WHAT TO DO :: What you should write out is every line from the one containing "Superfire A12 Handheld" to the end of the data, exactly and with nothing else.

INFORMATION SUPPLIED ::
########

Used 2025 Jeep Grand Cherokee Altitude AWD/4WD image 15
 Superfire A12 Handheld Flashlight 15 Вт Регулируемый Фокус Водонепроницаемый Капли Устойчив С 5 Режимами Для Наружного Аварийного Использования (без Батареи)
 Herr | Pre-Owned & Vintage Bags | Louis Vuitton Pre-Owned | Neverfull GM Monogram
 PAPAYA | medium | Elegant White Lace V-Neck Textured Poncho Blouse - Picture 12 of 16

########

THE ANSWER ::
 Superfire A12 Handheld Flashlight 15 Вт Регулируемый Фокус Водонепроницаемый Капли Устойчив С 5 Режимами Для Наружного Аварийного Использования (без Батареи)
 Herr | Pre-Owned & Vintage Bags | Louis Vuitton Pre-Owned | Neverfull GM Monogram
 PAPAYA | medium | Elegant White Lace V-Neck Textured Poncho Blouse - Picture 12 of 16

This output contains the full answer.